Generation of Realistic Physical Models of Cerebral Aneurysms for In Vitro Flow Visualisation

An aneurysm is a localised persistent dilation of the blood vessel wall. Aneurysm formation is hypothesised to be a consequence of haemodynamically generated forces working on the arterial wall leading to degeneration of the media layer (1). This focal degeneration typically occurs at curved arterial segments and at bifurcation points around the circle of Willis. Intracranial aneurysms are traditionally classified by aetiology and morphology. The majority are idiopathic and saccular. It is estimated that 1.5–6% of the general population have or will develop an intracranial aneurysm, predominantly occurring in women, most of them being asymptomatic (1). If left undetected these aneurysms may rupture with a 30 day mortality rate of 45% (1).
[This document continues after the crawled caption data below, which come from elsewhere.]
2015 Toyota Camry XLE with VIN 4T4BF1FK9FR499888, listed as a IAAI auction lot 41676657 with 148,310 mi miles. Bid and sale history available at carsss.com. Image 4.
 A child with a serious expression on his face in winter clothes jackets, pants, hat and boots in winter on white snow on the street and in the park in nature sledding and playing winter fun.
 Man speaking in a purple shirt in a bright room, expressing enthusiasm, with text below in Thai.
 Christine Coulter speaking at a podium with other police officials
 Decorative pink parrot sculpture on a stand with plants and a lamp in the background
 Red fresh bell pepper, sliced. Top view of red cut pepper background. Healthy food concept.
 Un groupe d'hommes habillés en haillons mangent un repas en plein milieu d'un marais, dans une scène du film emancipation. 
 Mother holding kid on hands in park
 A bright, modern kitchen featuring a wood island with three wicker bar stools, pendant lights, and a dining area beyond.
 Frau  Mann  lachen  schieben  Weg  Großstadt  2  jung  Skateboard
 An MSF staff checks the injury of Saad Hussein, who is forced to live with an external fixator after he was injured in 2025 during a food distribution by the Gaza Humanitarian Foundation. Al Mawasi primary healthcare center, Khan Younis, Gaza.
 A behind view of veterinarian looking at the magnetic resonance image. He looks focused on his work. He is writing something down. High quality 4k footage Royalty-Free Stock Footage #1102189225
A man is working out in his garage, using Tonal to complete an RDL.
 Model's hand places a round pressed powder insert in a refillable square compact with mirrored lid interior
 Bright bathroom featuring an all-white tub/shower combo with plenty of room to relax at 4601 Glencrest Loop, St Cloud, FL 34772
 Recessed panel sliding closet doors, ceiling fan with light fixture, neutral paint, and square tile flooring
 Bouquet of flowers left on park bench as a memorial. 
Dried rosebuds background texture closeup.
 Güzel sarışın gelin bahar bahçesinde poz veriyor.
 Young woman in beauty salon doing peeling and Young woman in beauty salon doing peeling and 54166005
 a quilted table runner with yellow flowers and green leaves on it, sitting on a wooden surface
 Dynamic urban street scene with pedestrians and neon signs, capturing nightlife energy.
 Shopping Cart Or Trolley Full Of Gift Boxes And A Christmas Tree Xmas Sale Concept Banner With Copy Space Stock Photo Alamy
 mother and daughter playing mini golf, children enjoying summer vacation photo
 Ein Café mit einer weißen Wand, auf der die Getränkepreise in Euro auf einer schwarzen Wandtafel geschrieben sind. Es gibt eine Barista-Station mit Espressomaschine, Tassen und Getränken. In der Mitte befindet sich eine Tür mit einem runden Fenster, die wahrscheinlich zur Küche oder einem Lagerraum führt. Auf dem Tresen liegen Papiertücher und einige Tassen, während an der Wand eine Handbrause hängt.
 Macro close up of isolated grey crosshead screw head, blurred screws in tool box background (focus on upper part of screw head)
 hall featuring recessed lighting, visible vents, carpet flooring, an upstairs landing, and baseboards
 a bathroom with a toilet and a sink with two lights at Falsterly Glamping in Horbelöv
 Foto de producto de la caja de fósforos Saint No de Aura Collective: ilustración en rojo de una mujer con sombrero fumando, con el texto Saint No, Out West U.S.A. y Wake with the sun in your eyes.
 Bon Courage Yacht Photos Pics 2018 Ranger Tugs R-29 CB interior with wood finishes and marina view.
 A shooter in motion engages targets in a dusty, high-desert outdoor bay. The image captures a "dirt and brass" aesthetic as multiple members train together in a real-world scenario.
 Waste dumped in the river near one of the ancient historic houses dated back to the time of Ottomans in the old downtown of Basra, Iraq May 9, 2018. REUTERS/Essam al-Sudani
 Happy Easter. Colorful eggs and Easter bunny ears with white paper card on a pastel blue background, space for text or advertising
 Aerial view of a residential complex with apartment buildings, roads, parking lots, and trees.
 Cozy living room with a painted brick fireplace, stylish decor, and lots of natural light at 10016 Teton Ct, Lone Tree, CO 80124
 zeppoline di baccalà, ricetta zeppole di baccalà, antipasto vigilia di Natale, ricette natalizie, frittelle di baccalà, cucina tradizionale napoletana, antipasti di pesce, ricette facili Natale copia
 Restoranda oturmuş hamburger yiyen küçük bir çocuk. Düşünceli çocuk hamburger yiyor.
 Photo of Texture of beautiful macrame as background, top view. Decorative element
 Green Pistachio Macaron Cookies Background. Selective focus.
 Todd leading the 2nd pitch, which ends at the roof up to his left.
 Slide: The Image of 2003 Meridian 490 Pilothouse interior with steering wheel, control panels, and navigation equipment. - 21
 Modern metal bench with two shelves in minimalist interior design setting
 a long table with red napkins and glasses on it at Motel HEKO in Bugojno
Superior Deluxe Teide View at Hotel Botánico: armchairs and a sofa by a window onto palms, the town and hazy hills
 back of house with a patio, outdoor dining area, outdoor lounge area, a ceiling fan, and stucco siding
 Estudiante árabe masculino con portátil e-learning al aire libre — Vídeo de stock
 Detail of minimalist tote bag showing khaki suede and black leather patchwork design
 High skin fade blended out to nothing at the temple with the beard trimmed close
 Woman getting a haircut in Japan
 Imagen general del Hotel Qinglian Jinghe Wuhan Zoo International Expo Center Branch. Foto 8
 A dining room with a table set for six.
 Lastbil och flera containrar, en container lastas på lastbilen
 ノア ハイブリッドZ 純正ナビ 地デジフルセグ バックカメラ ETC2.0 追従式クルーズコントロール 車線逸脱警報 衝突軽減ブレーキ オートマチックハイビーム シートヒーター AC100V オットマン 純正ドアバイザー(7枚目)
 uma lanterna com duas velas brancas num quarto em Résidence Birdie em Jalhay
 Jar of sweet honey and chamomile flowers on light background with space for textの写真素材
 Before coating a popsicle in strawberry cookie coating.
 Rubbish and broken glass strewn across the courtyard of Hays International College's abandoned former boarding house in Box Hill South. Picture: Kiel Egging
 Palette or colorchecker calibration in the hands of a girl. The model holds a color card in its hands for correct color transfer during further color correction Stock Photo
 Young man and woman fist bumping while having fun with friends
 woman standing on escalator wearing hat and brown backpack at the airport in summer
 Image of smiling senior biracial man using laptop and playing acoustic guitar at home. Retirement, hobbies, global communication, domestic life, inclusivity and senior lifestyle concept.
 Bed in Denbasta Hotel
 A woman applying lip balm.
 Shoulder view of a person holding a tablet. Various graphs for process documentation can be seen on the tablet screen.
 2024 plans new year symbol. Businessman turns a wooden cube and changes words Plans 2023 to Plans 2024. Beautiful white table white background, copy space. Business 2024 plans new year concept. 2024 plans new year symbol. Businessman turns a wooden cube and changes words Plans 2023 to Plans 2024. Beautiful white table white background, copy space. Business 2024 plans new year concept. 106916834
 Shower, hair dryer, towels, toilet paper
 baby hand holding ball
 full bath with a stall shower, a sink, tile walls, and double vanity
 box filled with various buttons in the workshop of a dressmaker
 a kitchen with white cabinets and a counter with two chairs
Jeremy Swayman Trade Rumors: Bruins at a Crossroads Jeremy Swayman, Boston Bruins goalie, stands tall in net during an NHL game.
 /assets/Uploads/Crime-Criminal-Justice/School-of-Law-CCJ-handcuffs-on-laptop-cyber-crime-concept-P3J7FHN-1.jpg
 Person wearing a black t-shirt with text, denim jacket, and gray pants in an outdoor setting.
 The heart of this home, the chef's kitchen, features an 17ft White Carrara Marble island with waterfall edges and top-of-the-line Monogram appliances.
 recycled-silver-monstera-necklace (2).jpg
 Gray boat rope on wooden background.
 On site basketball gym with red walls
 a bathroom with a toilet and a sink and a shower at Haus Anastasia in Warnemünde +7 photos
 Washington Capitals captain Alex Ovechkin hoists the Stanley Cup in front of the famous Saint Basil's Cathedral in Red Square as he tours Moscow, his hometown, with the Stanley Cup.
There are two treatment options surgical clipping or endovascular coiling. Both of these techniques exclude the aneurysm from the normal circulation. Endovascular coiling is preferred due to its minimally invasive nature. Numerous studies have been done so far based on idealized glass models and using FVM, FEA methods, but very little testing has been carried out on devices using realistic silicone models. This is mainly because of the complexity of the cerebral vasculature. Silicone replicas of both realistic and idealised models were manufactured based on CT scans and anatomical dimensions obtained from literature, respectively (2).